* **DATA FOR ANALYSIS**:
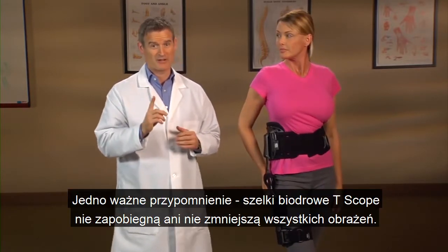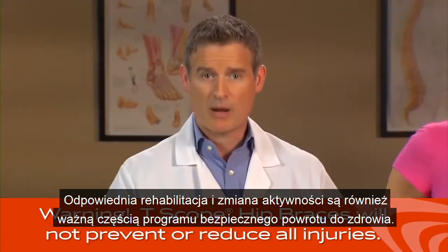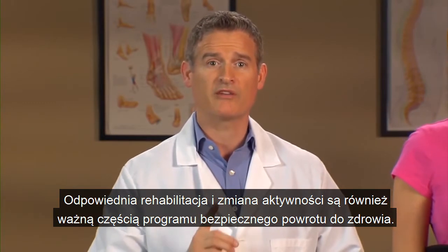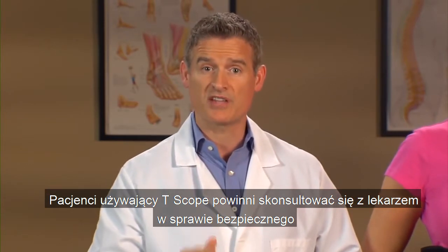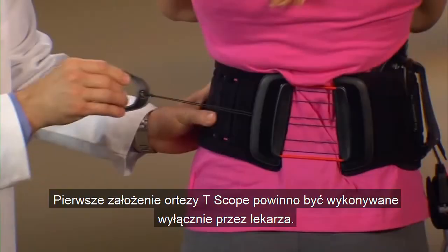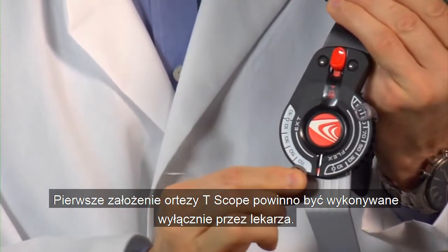One important reminder: T-Scope hip braces will not prevent or reduce all injuries. Proper rehabilitation and activity modification are also an important part of a safe recovery program. Patients using T-Scope should consult with a medical professional regarding safe and appropriate activity levels while wearing this brace. The initial application of the T-Scope hip brace should be performed by a medical professional only.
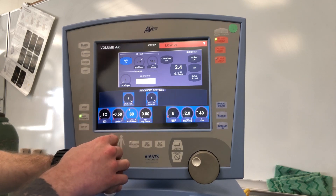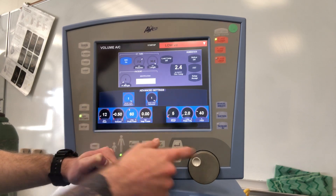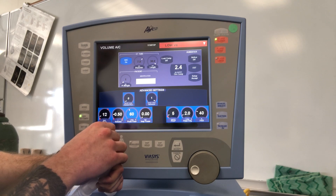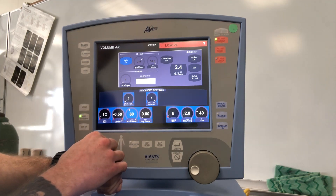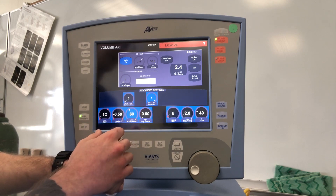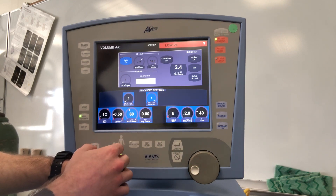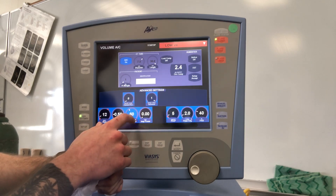Under peak flow, there's the option of demand flow. We recommend turning demand flow off, especially in volume AC for ARDS patients, because it can allow them to take in volumes we have not set. You also have the option of a square or decelerating waveform, which will adjust your I-time. Personally, a decelerating waveform is preferred — square flow waveforms have their place, but decelerating is generally more comfortable.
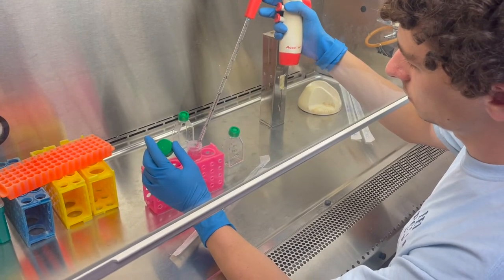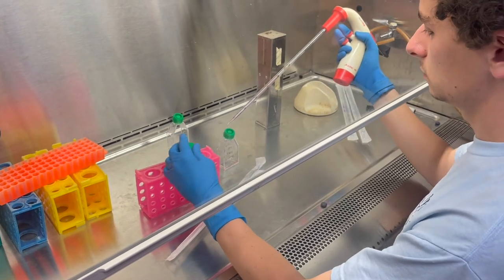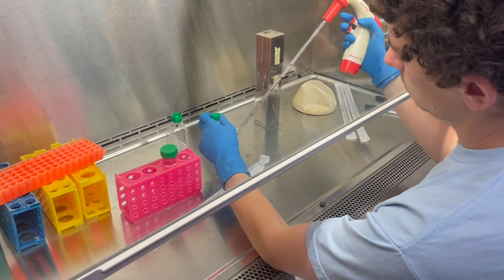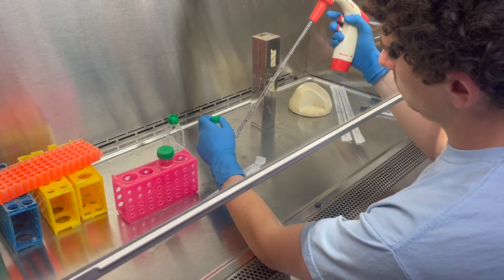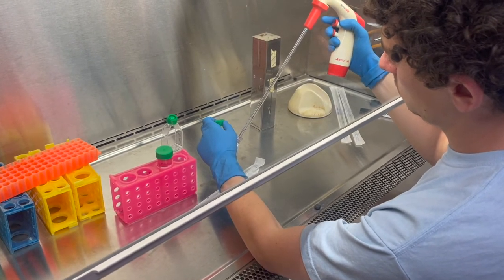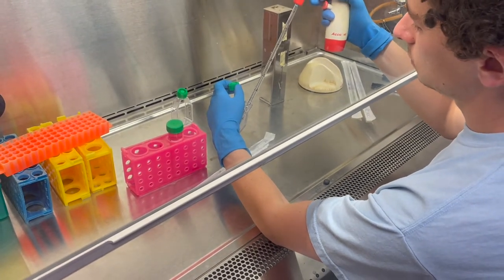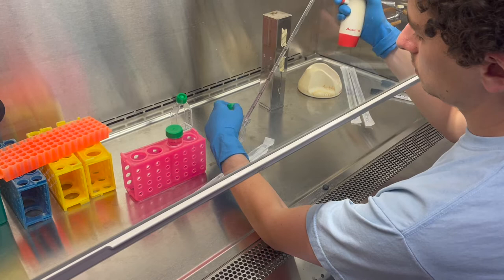Add media to the flask to re-suspend the cells using a plastic pipette. The total volume of trypsin plus media should equal 10 milliliters for a T75 flask or 5 milliliters for a T25 flask. Mix by pipetting up and down until all of the clumps of cells are gone.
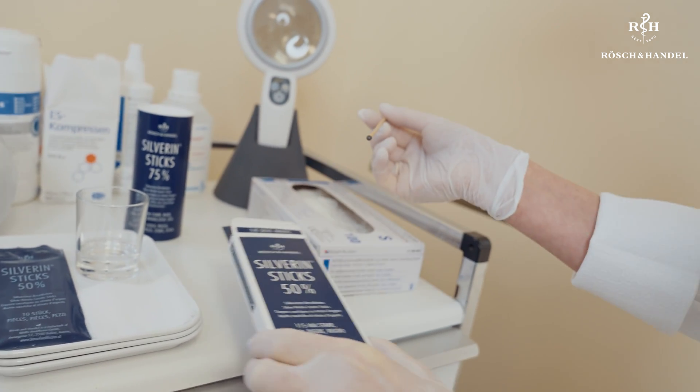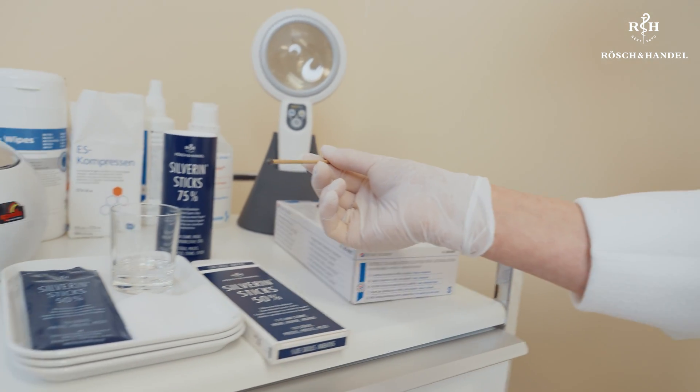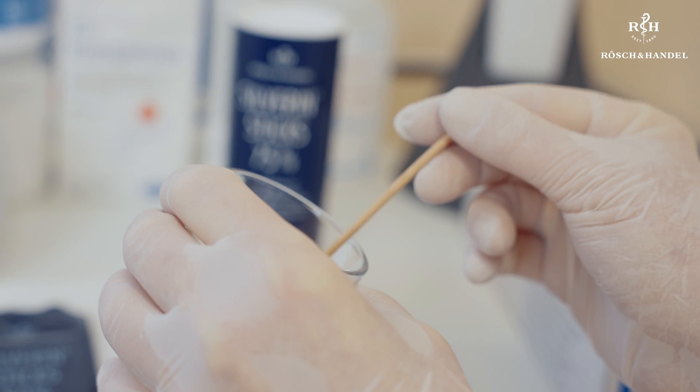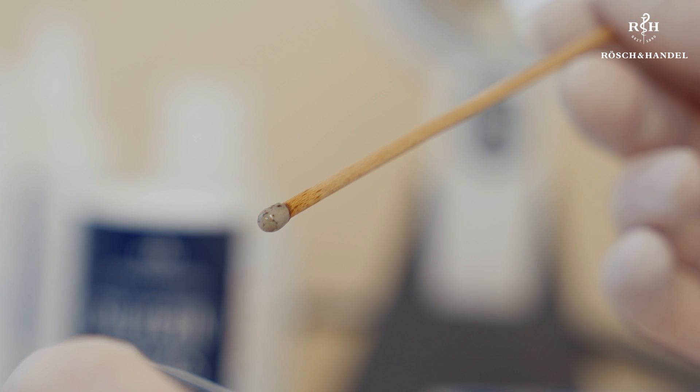When treating patients with silver nitrate applicators, here are some key things to bear in mind. I begin treatment and show the patient how it works. It's important to briefly dip the head of the applicator in a glass of water, or hold it briefly under a running tap — it only needs to be moist.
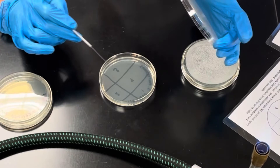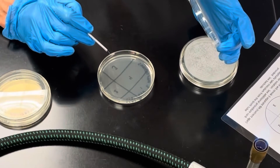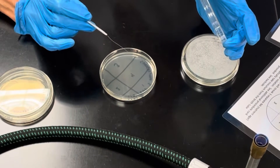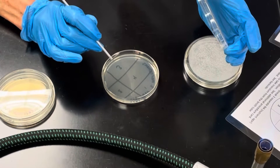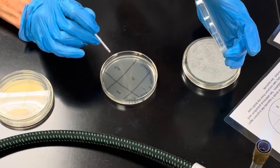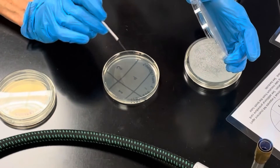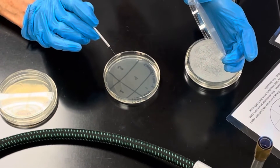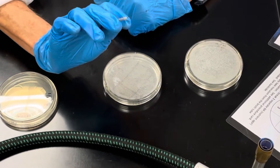Take that bacteria and streak it across quadrant one by making a Z pattern approximately five times. You want a tight Z pattern — one, two, three, four, five — and your lines should not crisscross each other. Then flame your loop.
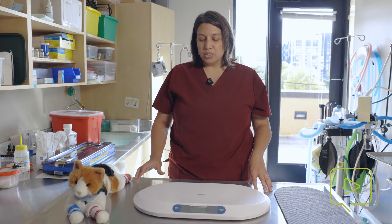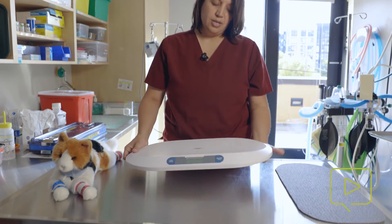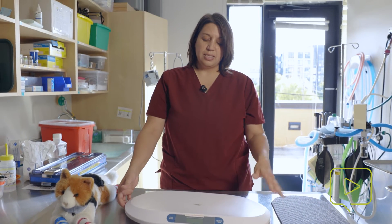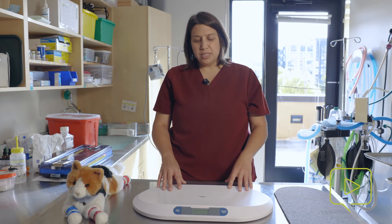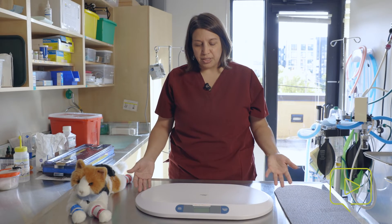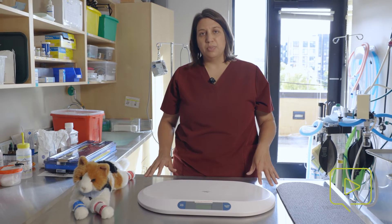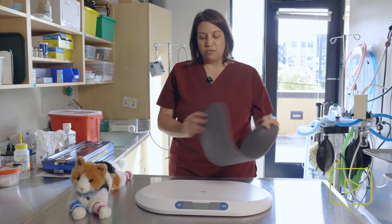Just like with the larger scales, one of the important things to do is make sure that the surface it is on is flat and there isn't anything underneath like cords or towels. Something like a towel that makes it not level could cause errors in the weight that you're receiving, so you need to start on a flat surface. These scales are all really slippery, and the reason they're this smooth material is so that we can effectively clean them between patients. But it isn't always comfortable for animals that might have ambulation issues where they feel like they're slipping and sliding, so we often use mats that can help a patient be more comfortable on the scale.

* **WHAT YOU ARE ASKED TO DO**:
Repeat every line above precisely; pictures do not belong in the copy.

* **SOLVED PROBLEM**:
One important reminder: T-Scope hip braces will not prevent or reduce all injuries. Proper rehabilitation and activity modification are also an important part of a safe recovery program. Patients using T-Scope should consult with a medical professional regarding safe and appropriate activity levels while wearing this brace. The initial application of the T-Scope hip brace should be performed by a medical professional only.
Under peak flow, there's the option of demand flow. We recommend turning demand flow off, especially in volume AC for ARDS patients, because it can allow them to take in volumes we have not set. You also have the option of a square or decelerating waveform, which will adjust your I-time. Personally, a decelerating waveform is preferred — square flow waveforms have their place, but decelerating is generally more comfortable.
Add media to the flask to re-suspend the cells using a plastic pipette. The total volume of trypsin plus media should equal 10 milliliters for a T75 flask or 5 milliliters for a T25 flask. Mix by pipetting up and down until all of the clumps of cells are gone.
When treating patients with silver nitrate applicators, here are some key things to bear in mind. I begin treatment and show the patient how it works. It's important to briefly dip the head of the applicator in a glass of water, or hold it briefly under a running tap — it only needs to be moist.
Take that bacteria and streak it across quadrant one by making a Z pattern approximately five times. You want a tight Z pattern — one, two, three, four, five — and your lines should not crisscross each other. Then flame your loop.
Just like with the larger scales, one of the important things to do is make sure that the surface it is on is flat and there isn't anything underneath like cords or towels. Something like a towel that makes it not level could cause errors in the weight that you're receiving, so you need to start on a flat surface. These scales are all really slippery, and the reason they're this smooth material is so that we can effectively clean them between patients. But it isn't always comfortable for animals that might have ambulation issues where they feel like they're slipping and sliding, so we often use mats that can help a patient be more comfortable on the scale.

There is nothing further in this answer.